Ceci dit, alors que Tucker édi­tait « Liber­ty » on lui a deman­dé sou­vent ce que les anar­chistes feront des indi­vi­dus qui s’obs­tinent à vio­ler la loi sociale en s’at­ta­quant à leurs voi­sins, en empié­tant sur eux, le pro­lon­ge­ment de leur per­son­na­li­té, leur rayon d’activité. 

Sa posi­tion est claire : « Nous sommes les enne­mis les plus réso­lus des attaques contre la per­sonne et la pro­prié­té et tout en nous pré­oc­cu­pant d’en détruire les causes, nous n’é­prou­vons aucun scru­pule à employer contre leurs mani­fes­ta­tions immé­diates le trai­te­ment. héroïque qu’exigent les cir­cons­tances et la sagesse»… L’État abo­li, sa dis­pa­ri­tion lais­se­ra en exis­tence une asso­cia­tion de défense, ne repo­sant pas cette fois, sur l’o­bli­ga­tion mais volon­taire, qui res­trein­dra les acti­vi­tés des empié­teurs, des fau­teurs de trouble par tous les moyens possibles. » 

Mais quels seront les moyens de défense ? 

Tucker admet, affaire de com­mo­di­té, l’i­so­le­ment (c’est-à-dire l’emprisonnement), la tor­ture [[J’i­gnore ce que Tucker enten­dait exac­te­ment par « tor­ture ».]] et même la peine de mort. 

Il éta­blit une dif­fé­rence ente la peine capi­tale infli­gée par une ins­ti­tu­tion sociale qui fabrique les cri­mi­nels. et la peine capi­tale, arme défen­sive d’une socié­té volon­tai­re­ment consti­tuée. Le meurtre est un acte offen­sif et on ne peut qua­li­fier de meurtre un acte défensif. 

« Je ne suis mû, déclare-t-il, par aucun désir de défendre le bagne, la guillo­tine ou la chaise élec­trique. Mais la vie d’un empié­teur (d’un agres­seur), n’offre rien de sacré et il n’existe pas de prin­cipe valable, au point de vue de la socié­té humaine, qui inter­dise aux empié­tés, aux atta­qués de se pro­té­ger de toutes les façons en leur pouvoir ». 

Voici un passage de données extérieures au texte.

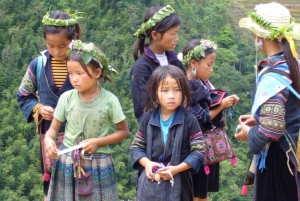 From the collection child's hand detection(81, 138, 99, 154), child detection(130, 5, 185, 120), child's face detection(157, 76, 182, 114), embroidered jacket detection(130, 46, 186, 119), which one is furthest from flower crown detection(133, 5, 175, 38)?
child's hand detection(81, 138, 99, 154)

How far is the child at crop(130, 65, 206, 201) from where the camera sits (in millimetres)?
2549

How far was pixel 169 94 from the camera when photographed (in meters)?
2.60

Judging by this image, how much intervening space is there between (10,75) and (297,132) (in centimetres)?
2778

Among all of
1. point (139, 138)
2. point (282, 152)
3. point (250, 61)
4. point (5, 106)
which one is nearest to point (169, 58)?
point (139, 138)

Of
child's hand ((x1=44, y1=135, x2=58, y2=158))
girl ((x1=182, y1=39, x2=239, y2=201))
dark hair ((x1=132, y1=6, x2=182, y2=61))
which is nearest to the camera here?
child's hand ((x1=44, y1=135, x2=58, y2=158))

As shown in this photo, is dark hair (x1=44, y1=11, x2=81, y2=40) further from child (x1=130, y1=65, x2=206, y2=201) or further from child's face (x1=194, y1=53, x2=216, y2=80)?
child's face (x1=194, y1=53, x2=216, y2=80)

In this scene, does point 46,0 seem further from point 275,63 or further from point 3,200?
point 275,63

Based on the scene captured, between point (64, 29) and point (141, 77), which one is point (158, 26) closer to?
point (141, 77)

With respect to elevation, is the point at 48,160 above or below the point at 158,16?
below

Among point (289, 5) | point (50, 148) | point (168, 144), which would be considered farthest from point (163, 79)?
point (289, 5)

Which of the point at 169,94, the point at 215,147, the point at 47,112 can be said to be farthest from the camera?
the point at 215,147

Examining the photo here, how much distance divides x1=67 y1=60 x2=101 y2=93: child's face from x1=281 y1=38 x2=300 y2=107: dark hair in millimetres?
969

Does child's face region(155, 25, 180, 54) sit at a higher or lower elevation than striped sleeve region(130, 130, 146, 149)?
higher

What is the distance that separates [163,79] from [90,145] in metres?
0.50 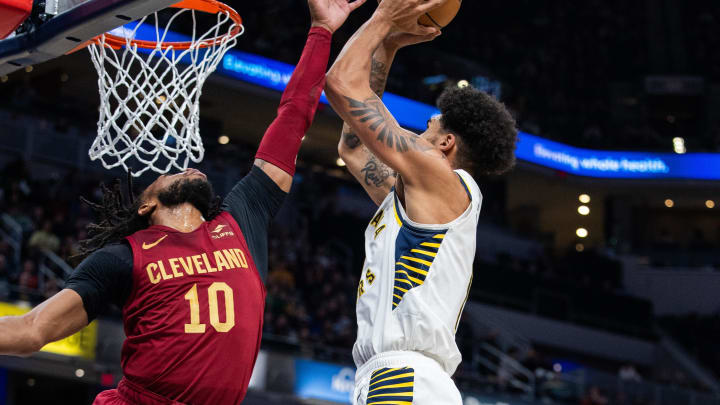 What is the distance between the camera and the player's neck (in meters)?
3.37

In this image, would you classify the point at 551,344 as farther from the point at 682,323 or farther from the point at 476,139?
the point at 476,139

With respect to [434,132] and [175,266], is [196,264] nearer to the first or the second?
[175,266]

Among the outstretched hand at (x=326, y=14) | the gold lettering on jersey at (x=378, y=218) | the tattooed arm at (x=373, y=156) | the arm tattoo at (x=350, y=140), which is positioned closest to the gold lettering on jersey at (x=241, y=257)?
the gold lettering on jersey at (x=378, y=218)

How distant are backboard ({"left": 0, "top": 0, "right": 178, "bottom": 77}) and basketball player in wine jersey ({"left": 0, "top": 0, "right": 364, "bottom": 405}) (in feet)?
1.96

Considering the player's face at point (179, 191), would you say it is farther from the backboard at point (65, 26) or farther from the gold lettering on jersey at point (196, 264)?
the backboard at point (65, 26)

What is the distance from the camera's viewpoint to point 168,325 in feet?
10.2

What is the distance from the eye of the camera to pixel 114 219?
3508 mm

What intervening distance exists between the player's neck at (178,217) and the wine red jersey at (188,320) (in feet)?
0.19

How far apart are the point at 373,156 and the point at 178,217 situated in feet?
3.11

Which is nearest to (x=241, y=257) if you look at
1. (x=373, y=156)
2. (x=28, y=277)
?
(x=373, y=156)

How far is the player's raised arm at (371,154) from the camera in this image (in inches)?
147

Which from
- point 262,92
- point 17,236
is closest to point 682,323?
point 262,92

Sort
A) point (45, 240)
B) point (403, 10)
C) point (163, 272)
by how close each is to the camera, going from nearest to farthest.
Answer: point (163, 272) → point (403, 10) → point (45, 240)

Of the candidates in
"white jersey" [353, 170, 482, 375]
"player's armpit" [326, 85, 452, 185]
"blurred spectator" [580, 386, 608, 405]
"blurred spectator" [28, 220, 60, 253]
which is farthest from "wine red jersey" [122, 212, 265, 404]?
"blurred spectator" [580, 386, 608, 405] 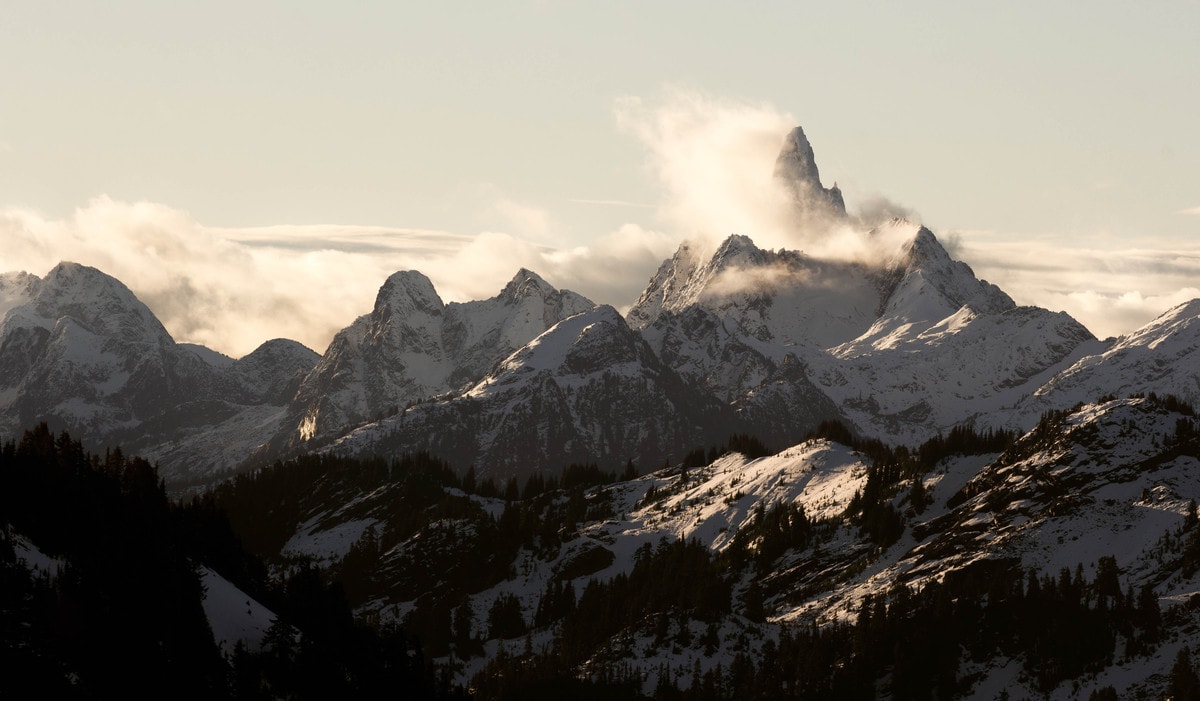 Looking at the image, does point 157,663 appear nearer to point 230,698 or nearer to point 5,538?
point 230,698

Il convient de remar­quer ici que l’a­nar­chisme s’in­ter­dit tout contrôle sur la conduite individuelle. 

Il ne s’a­git que de la résis­tance à l’empiétement, à l’a­gres­sion, à la vio­la­tion de la « liber­té égale », même les recours aux puni­tions, aux sanc­tions d’un genre ou d’un autre, n’au­ront lieu que si tous les autres moyens (per­sua­sion. appel au rai­son­ne­ment, etc.) ont échoué. L’a­nar­chisme, selon Tucker, admet la sai­sie de ce qui appar­tient à l’empiéteur, à l’a­gres­seur, jus­qu’à concur­rence de la répa­ra­tion équi­va­lente au tort causé. 

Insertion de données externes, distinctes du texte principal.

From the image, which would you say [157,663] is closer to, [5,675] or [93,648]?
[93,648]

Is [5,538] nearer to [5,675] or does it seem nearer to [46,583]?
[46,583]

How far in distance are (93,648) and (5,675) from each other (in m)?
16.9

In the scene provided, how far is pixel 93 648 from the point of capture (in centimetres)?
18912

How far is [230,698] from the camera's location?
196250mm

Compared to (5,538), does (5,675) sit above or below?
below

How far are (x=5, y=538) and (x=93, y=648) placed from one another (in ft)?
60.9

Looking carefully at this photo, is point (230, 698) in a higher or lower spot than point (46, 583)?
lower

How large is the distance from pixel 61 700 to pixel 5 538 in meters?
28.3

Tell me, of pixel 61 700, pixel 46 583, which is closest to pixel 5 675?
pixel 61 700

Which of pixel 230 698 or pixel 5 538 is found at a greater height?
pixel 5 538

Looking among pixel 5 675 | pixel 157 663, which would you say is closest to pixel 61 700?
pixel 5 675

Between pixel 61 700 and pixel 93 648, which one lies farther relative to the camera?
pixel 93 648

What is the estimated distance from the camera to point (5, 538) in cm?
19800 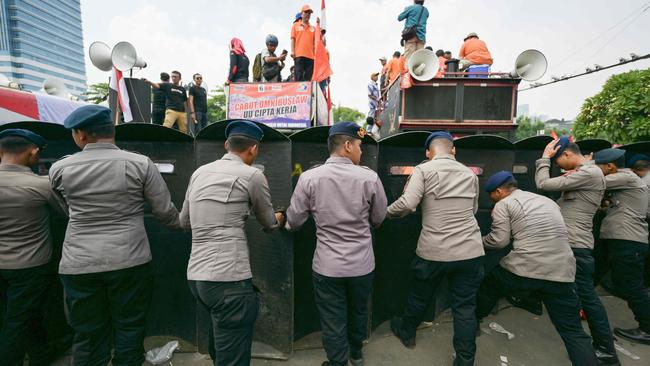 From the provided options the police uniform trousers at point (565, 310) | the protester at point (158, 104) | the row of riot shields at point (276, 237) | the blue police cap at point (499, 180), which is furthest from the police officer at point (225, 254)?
the protester at point (158, 104)

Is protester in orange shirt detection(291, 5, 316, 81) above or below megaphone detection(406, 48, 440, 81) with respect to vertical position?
above

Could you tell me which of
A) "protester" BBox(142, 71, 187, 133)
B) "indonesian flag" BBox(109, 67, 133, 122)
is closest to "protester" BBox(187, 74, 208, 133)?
→ "protester" BBox(142, 71, 187, 133)

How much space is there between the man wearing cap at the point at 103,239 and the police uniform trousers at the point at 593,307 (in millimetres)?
3687

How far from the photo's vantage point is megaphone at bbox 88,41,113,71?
6211 mm

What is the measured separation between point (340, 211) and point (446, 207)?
994 millimetres

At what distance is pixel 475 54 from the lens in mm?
6047

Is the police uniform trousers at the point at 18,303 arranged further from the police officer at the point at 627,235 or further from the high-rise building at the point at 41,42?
the high-rise building at the point at 41,42

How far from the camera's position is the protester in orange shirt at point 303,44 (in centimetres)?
613

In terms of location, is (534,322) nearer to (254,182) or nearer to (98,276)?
(254,182)

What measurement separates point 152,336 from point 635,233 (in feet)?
16.6

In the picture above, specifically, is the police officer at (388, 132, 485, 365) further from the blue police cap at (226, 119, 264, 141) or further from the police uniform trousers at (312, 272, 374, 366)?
the blue police cap at (226, 119, 264, 141)

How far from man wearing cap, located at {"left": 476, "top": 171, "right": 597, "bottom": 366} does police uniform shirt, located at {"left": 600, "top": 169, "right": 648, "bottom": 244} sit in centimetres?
117

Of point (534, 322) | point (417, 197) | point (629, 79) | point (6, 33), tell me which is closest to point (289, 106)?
point (417, 197)

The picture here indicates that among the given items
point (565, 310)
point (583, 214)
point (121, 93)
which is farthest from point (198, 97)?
point (565, 310) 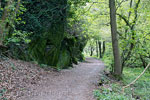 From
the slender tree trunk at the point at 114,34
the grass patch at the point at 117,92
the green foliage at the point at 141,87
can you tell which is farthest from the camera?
the slender tree trunk at the point at 114,34

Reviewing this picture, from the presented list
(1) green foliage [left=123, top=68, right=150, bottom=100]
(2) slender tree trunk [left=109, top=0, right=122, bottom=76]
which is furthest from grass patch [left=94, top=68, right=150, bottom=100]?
(2) slender tree trunk [left=109, top=0, right=122, bottom=76]

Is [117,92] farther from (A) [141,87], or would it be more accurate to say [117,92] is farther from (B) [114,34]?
(B) [114,34]

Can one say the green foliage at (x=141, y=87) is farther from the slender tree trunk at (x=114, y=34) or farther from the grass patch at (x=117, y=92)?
the slender tree trunk at (x=114, y=34)

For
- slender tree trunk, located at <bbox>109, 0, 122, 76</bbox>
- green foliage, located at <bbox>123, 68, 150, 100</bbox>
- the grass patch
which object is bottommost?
green foliage, located at <bbox>123, 68, 150, 100</bbox>

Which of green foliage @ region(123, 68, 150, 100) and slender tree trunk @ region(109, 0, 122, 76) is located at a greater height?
slender tree trunk @ region(109, 0, 122, 76)

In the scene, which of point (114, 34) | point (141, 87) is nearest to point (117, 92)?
point (141, 87)

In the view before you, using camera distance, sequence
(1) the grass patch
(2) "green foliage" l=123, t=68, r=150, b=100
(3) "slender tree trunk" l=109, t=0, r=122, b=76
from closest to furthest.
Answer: (1) the grass patch → (2) "green foliage" l=123, t=68, r=150, b=100 → (3) "slender tree trunk" l=109, t=0, r=122, b=76

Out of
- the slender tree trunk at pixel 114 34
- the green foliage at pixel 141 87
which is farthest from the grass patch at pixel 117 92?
the slender tree trunk at pixel 114 34

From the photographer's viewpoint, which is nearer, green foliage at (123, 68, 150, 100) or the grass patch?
the grass patch

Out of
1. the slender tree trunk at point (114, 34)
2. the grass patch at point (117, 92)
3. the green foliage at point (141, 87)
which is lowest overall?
the green foliage at point (141, 87)

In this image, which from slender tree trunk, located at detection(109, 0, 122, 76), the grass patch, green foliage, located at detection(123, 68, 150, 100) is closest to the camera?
the grass patch

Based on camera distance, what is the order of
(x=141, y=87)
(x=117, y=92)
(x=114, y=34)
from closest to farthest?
(x=117, y=92) < (x=114, y=34) < (x=141, y=87)

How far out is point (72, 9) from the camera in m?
11.6

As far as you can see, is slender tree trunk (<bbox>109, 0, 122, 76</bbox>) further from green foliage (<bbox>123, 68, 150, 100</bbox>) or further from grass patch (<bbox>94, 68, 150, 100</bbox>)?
green foliage (<bbox>123, 68, 150, 100</bbox>)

Mais, qui déci­de­ra des puni­tions à infli­ger ? Tucker s’est tou­jours pro­non­cé en faveur d’un jury choi­si en tirant au sort douze noms extraits d’une urne, ou autre, conte­nant les noms de tous les membres d’une asso­cia­tion. C’est ce jury qui décide s’il y a eu ou non tort fait, dom­mage cau­sé, rup­ture réelle du contrat d’as­so­cia­tion, empié­te­ment, agres­sion, vio­la­tion de la liber­té égale, etc. Et jus­qu’à quel point. La par­ti­ci­pa­tion au jury peut ne pas être obli­ga­toire, mais elle peut consti­tuer une condi­tion d’ad­mis­sion dans une asso­cia­tion volon­taire, de même que la levée d’une contri­bu­tion des­ti­née à l’en­tre­tien des tri­bu­naux ou des lieux d’isolement. 

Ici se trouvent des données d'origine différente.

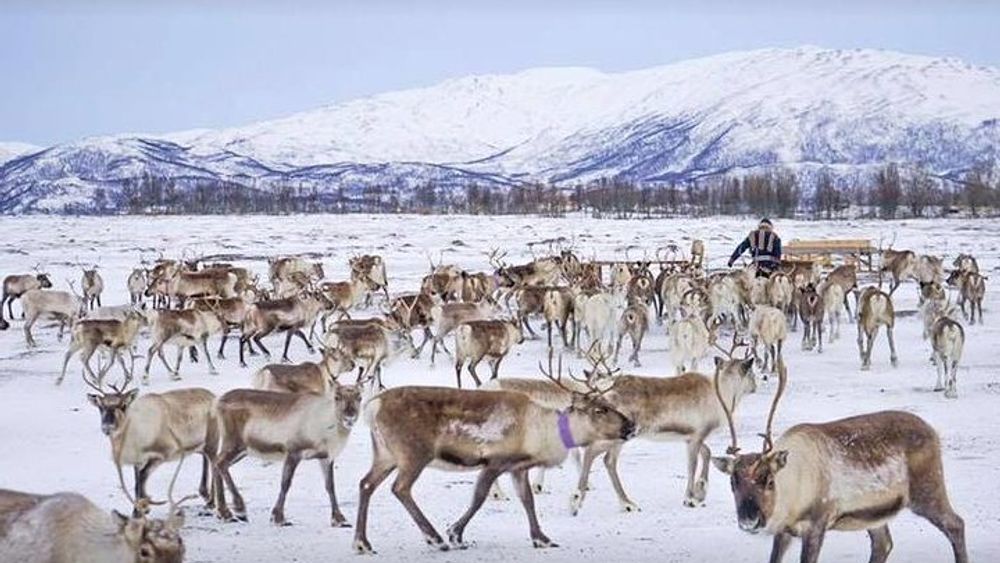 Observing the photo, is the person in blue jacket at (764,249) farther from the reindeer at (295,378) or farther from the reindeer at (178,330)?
the reindeer at (295,378)

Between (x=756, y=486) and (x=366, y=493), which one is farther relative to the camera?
(x=366, y=493)

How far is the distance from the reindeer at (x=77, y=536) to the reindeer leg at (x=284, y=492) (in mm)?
2966

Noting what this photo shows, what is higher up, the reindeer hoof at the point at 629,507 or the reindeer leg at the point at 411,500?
the reindeer leg at the point at 411,500

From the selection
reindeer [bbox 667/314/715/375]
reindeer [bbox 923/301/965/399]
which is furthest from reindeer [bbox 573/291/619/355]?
reindeer [bbox 923/301/965/399]

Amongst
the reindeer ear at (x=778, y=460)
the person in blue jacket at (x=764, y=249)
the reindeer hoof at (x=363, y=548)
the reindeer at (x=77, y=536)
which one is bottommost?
the reindeer hoof at (x=363, y=548)

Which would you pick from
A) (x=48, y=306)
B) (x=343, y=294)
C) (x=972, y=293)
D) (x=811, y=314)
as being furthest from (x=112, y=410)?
(x=972, y=293)

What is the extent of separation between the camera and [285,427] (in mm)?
9797

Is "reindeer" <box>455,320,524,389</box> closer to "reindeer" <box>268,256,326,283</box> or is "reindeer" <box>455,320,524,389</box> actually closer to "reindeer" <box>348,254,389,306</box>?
"reindeer" <box>348,254,389,306</box>

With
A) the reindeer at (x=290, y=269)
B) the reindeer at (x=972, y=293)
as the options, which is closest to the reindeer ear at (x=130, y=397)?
the reindeer at (x=972, y=293)

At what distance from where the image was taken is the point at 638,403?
10.5 metres

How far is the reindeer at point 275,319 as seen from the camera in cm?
1933

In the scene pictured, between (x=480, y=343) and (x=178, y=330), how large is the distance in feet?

Le droit, dans la concep­tion tucke­rienne, doit être si flexible qu’il s’a­dapte à tous les cas et n’ait pas besoin d’être modi­fié : il doit être consi­dé­ré comme juste en rai­son de sa flexi­bi­li­té et non, comme il l’est actuel­le­ment, en rai­son de son inflexi­bi­li­té. Donc, les jurés auront à sta­tuer non seule­ment sur les faits, mais sur la loi — sa « jus­tice » dans le cas qui leur est sou­mis, son appli­ca­bi­li­té aux cir­cons­tances des faits et la péna­li­té ou les dom­mages à infli­ger par rap­port à l’im­por­tance de l’in­frac­tion com­mise. Ce qui évite les ins­truc­tions qui pour­raient être des­ti­nées à modi­fier la loi ou les règle­ments : cette modi­fi­ca­tion est l’af­faire du jury. 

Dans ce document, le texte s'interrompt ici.